Payne, a 45-year-old political consultant in Los Angeles, started writing reviews when she moved to a Hawaiian island and relied heavily on Amazon to deliver the products she was accustomed to. “I became very dependent on the reviews, so I finally decided to have my two cents.”
Her first big hit was an irreverent take on a portable heater — she called it the Window to Hell — and she shot quickly up the rankings. Soon, she was being inundated with free products, and admits she became addicted to the strange power. One company revamped a product after she gave it a bad review.
“It’s like smoking,” Payne said. “You keep saying you’re going to quit tomorrow.”
She has yet to kick the habit, and it’s understandable. When she moved to a new home recently, she basically furnished it free of charge by having companies send her products in exchange for a review.
Payne does not know Ali Julia — “I picture her as really old” — but says she has no desire to unseat her as No. 1 because she can’t keep up with being No. 10. Each day, Payne comes home to between 15 and 30 boxes waiting on her doorstep, begging for reviews. One company sent her a treadmill. But much of the time, she receives endless versions of whatever is popular at the moment. She had so many Bluetooth speakers that she gave them out at Halloween. (Amazon prohibits reselling the freebies.)
Joanna Daneman, a 63-year-old financial professional from Delaware, is the most-decorated reviewer in Amazon history, a reign that began in the late ’90s when she decided to review every book she’d ever read. She has been No. 1 several times — she’s currently No. 4 — and has been in the Top 10 in 12 different years.
And though she doesn’t know Ali Julia, Daneman knows from experience that life in that top spot is life as a target. “It’s our national characteristic — we’re competitive,” Daneman said. “There is definitely targeting. It’s well known. You just have to keep calm and keep reviewing.”
Ali Julia has certainly kept on reviewing. She usually publishes three or four thorough reviews per day, and if you read those 2,862 reviews one after the other, you get to know a lot about Ali Julia.
She started slowly, with eight reviews in 2008 — “These run small,” she cautioned in her first review, for a pair of blue swim fins — and just one review in 2009. But in 2010, after back surgery, she really blossomed.
Two weeks later, she found an even better version of that device — the Long Reach Comfort Wipe — and when 97 of 101 people found that review helpful, she had a blockbuster on her hands.
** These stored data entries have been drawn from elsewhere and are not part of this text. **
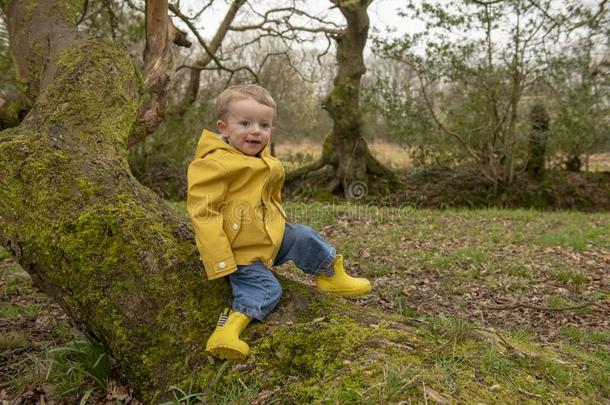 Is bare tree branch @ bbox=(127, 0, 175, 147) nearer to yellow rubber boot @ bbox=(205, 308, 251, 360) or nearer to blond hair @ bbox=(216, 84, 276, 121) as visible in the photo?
blond hair @ bbox=(216, 84, 276, 121)

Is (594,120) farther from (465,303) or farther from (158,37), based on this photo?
(158,37)

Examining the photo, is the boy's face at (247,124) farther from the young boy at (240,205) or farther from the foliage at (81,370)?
the foliage at (81,370)

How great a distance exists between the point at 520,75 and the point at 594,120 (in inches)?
124

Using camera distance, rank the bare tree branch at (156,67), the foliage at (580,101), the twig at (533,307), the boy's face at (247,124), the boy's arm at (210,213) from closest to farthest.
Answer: the boy's arm at (210,213) → the boy's face at (247,124) → the twig at (533,307) → the bare tree branch at (156,67) → the foliage at (580,101)

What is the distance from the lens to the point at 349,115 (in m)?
14.1

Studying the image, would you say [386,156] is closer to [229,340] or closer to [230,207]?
[230,207]

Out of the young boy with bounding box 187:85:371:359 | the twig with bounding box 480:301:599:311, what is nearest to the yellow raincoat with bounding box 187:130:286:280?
the young boy with bounding box 187:85:371:359

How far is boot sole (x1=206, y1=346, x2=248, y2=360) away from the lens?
2.38m

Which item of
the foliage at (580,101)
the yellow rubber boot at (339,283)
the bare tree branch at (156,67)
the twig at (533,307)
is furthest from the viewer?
the foliage at (580,101)

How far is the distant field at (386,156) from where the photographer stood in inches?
637

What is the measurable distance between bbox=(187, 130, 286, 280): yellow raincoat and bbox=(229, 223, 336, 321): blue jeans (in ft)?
0.31

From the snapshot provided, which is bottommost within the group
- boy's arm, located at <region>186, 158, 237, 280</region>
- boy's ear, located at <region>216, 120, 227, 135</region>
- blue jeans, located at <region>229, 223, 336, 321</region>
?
blue jeans, located at <region>229, 223, 336, 321</region>

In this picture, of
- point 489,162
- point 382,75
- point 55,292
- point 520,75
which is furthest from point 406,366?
point 382,75

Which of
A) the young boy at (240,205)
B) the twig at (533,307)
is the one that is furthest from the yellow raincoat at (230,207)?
the twig at (533,307) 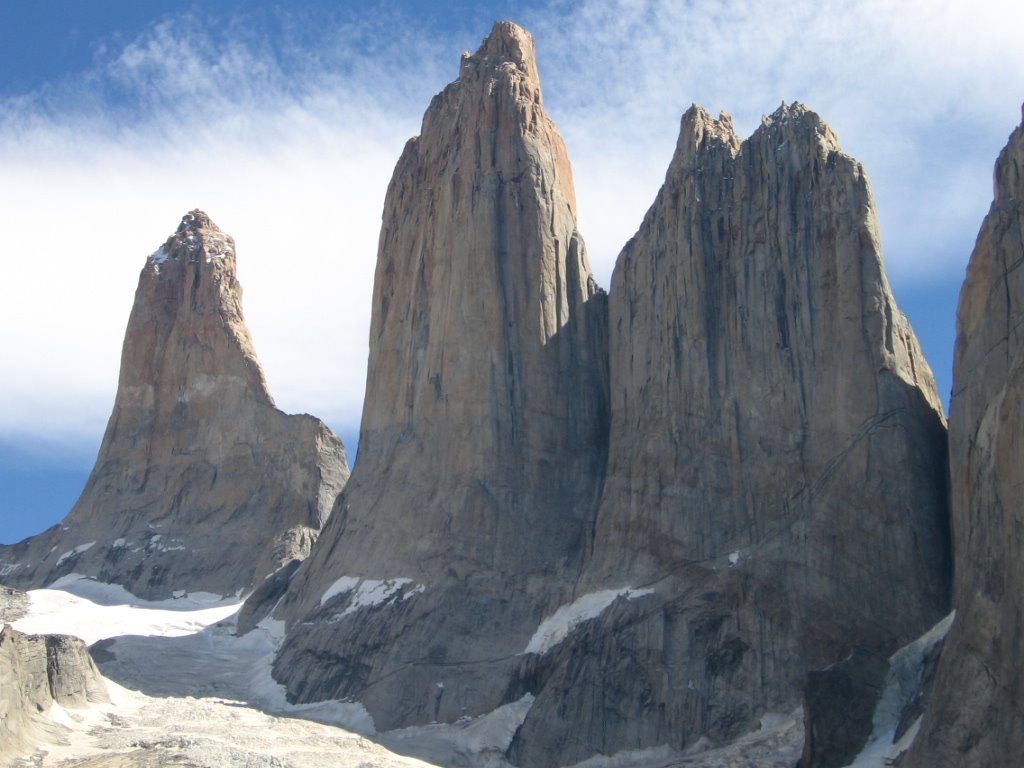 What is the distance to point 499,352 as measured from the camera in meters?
52.8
Since then, Ali Julia has reviewed aquarium lights and vacuums, a thumb drive that looks like a pig, a garden hose, a ton of electronic equipment — she is the Roger Ebert of battery chargers — and a serum that promises to keep you “forever young.” Not all of them are freebies, and she has been known to file reports on things that are so everyday that they seem beyond review, like Kleenex and Bounty paper towels.
Mostly, she sticks to the facts, but in rare instances, will show real personality and emotion. In her review of the self-help book “Not Breaking When You’re Broken,” she praised the author for making her feel like they were on a team. “For a person who has been left and feels alone this style is comforting,” Ali Julia wrote.
And then there was the sock incident.
Ali Julia is a big knitter, and in 2012 she lost her cool about a book that promised to teach the secret to knitting two socks at once. In her opinion, it most certainly did not.
She went to Amazon to vent her extreme displeasure with the methods and included in her review a list of errata that she had gone through the trouble of tracking down from the publisher.
“I had to spend a lot of time fussing with my work,” she wrote. “My hands were at much higher tension and were tired.”
Ali Julia gave the book two stars. Three of three people found the review helpful.
She had checked the book out of the library.